“Oggi sarai con me in paradiso”: a Fontecolombo la seconda meditazione dedicata alle sette parole di Gesù sulla croce

La promessa di Cristo al criminale crocifisso accanto a lui “Oggi sarai con me in paradiso”, riferita dall’evangelista Luca (proprio il vangelo della misericordia, l’unico a riferire questo particolare nei racconti della passione) al centro della seconda meditazione offerta dai frati di Fonte Colombo nella serie dei venerdì spirituali al santuario dedicati alle sette parole di Gesù sulla croce. Dopo la prima serata con padre Ezio Casella, stavolta è stato padre Marco Sebastiani a offrire il commento spirituale che ha invitato a porsi nell’atteggiamento di chi si trova accanto al Cristo.

Una cosa «che è tanto difficile… Noi ormai siamo abituati a questa immagine, ma nella Chiesa primitiva i cristiani non lo rappresentavano, preferivano l’immagine del buon pastore, ma quella di Gesù crocifisso dava fastidio». Anche oggi si tende a rimuovere la sofferenza, immagini di particolare dolore «ci danno fastidio. Ma, come diceva Pascal, Cristo è in agonia fino alla fine del mondo, non dobbiamo lasciarlo solo. E invece noi spesso facciamo il contrario, passiamo oltre, non riusciamo ad accogliere questo grido di dolore che sale dall’umanità intera. Ma se anche facciamo di tutto nella vita per sfuggire alla croce ci sarà un momento in cui prima o poi questa ci verrà incontro». Ecco allora l’invito a collocarci nella scena del Golgota e a chiedersi «quali personaggi siamo: se siamo il popolo che guarda da lontano, se siamo i capi che deridono Gesù, o se siamo i malfattori appesi accanto a lui sulla croce». Dei due, «uno lo insulta, l’altro invece accoglie il grido del dolore innocente e diventa il primo santo, “canonizzato” non dalla Chiesa ma da Gesù stesso».

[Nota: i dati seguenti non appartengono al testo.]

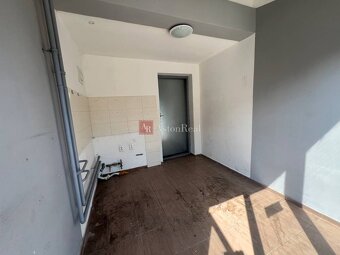 Na predaj obchodný priestor 38m2 v centre mesta Púchov- 1. m - 3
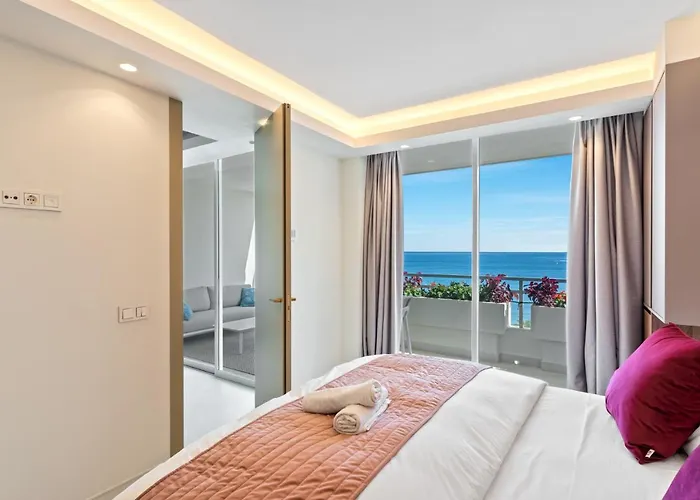 Fully Renovated Frontline Flat *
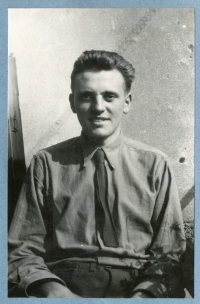 Dobový portrét Josefa Louba z období, kdy sloužil u PTP, první polovina 50. let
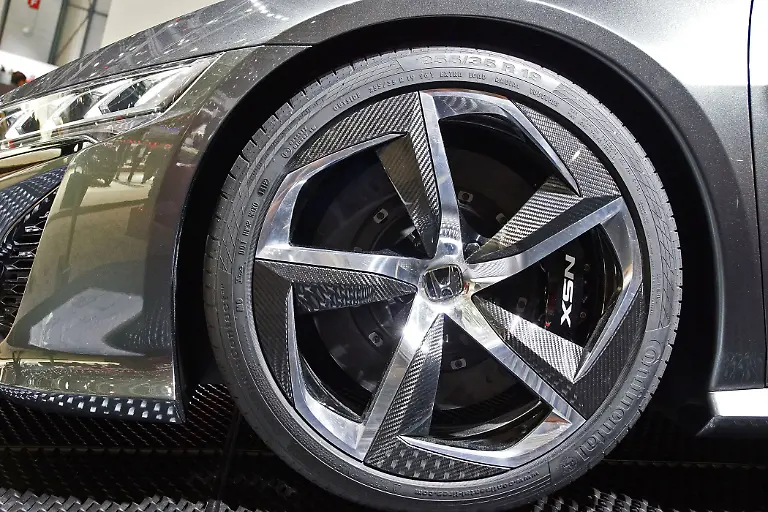 HondaNSX-Studie-Das-Carbon-ist-nur-zum-Styling-aufgesetzt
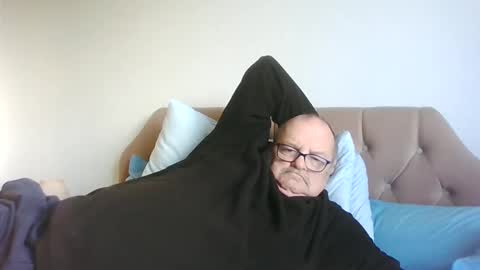 Snapshot of old_fkr chatting on February 2025 12:37:01 PM old_fkr online show from February 2025 12:37:01 PM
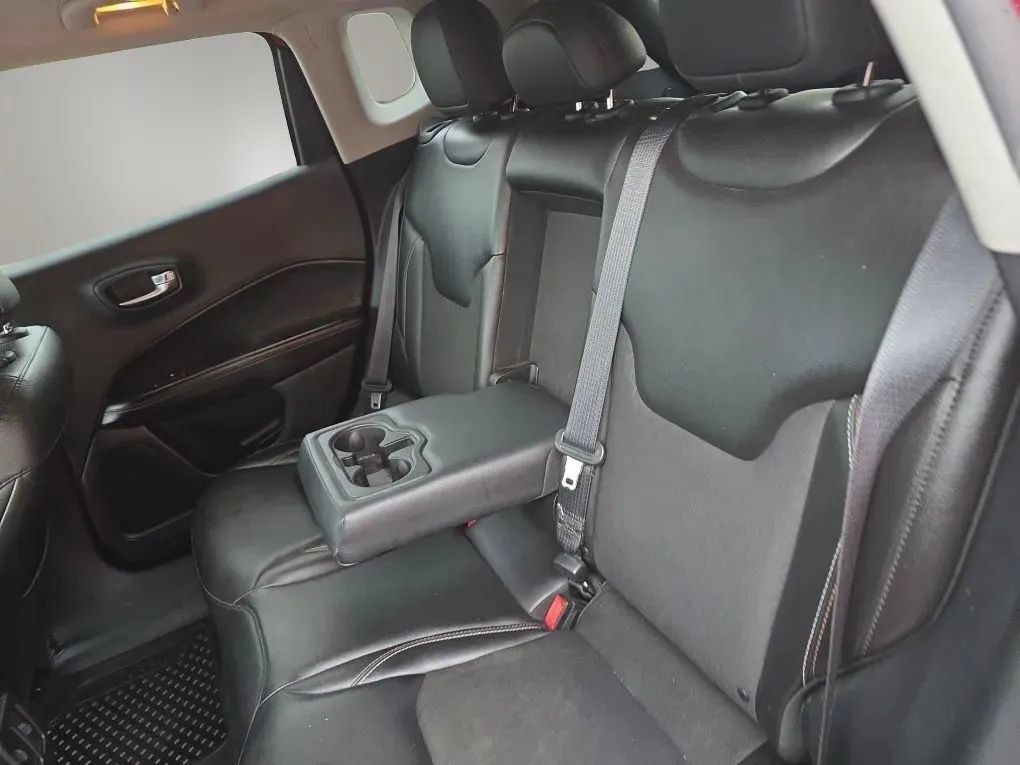 Used 2018 Jeep Compass Latitude w/ Popular Equipment Group AWD/4WD image 39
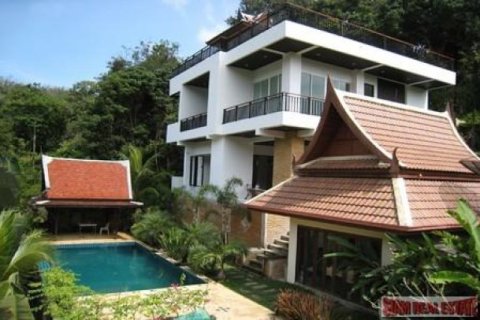 3 bedrooms Villa in Phuket, Thailand No. 95656 1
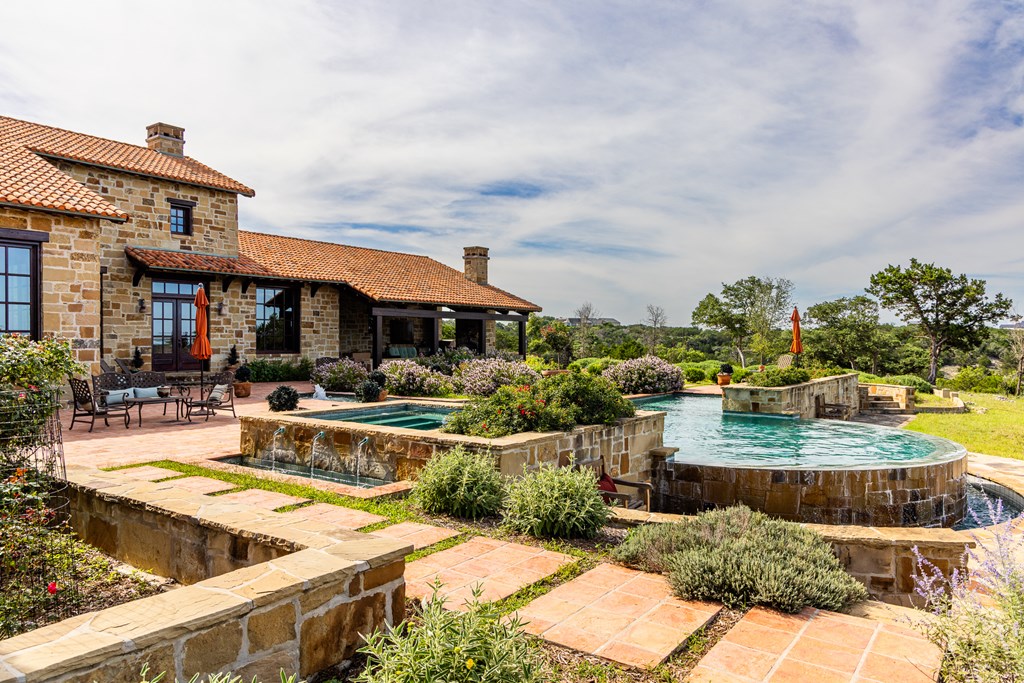 250 Hidden Hills Ranch Road East Kerrville, TX 78028 - Photo 65 of 107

Padre Marco ha voluto citare il celebre racconto che Elie Wiesel, testimone della shoah, riferisce nel suo La notte, quando, nella terribile esperienza del lager nazista in cui era internato, si trovò dinanzi alla scena straziante del ragazzo impiccato alla forca dalle Ss che prolungava la sua agonia e sentì la voce di un compagno di prigionia che chiedeva “dov’è Dio”… con quella risposta che gli veniva dal cuore: “Eccolo Dio, è appeso lì a quella forca!”. L’uomo si trova accanto alla croce di Gesù. Perché lui «non scende dalla croce, rimane fedele al Padre e all’uomo». Ma come il malfattore pentito, «dobbiamo avere il coraggio di guardare e chiedere a Gesù che si ricordi di noi nel suo regno». Una parola che «è anche per noi: Oggi sarai con me in paradiso. Oggi, non domani». Dobbiamo saper invocare il paradiso che è «il segno della comunione con Dio, che fa pace con l’uomo che questo Padre ha abbandonato» e saper chiedere «questo sguardo di fede, capace di riconoscere nel volto nel volto sfigurato del crocifisso il volto amato del Figlio».

Altra sottolineatura che colpisce della scena del Calvario: «fino alla fine Gesù non pensa a sé, ma pensa a noi che siamo malfattori. Il Vangelo non parla del buon ladrone, tutti e due sono malfattori, probabilmente ribelli al dominio di Roma, sicuramente sono criminali». E se all’inizio del Vangelo Luca evidenzia come «i primi che ricevono la buona notizia sono i pastori, anche loro una categoria esclusa dalla salvezza perché considerati impuri», al termine di nuovo una salvezza per una categoria “maledetta”, che è quella degli assassini. «Gesù non pensa a sé ma a noi, non scende dalla croce ma ci rimane per noi peccatori».
Il frate toscano, ricordando un episodio personale di quando era parroco a Piombino e fu chiamato a benedire il corpicino di una bimba di due anni deceduta per una “morte bianca” e sentiva forte risuonare la domanda “Signore, dove sei?”, ha concluso invitando a lasciar “parlare” in noi l’esperienza del dolore: «Nel dolore occorre il coraggio di metterci in ginocchio e chiedere la fede, la grazia di saper leggere in questo il mistero di un Dio che si fa piccolo, si fa nostro fratello».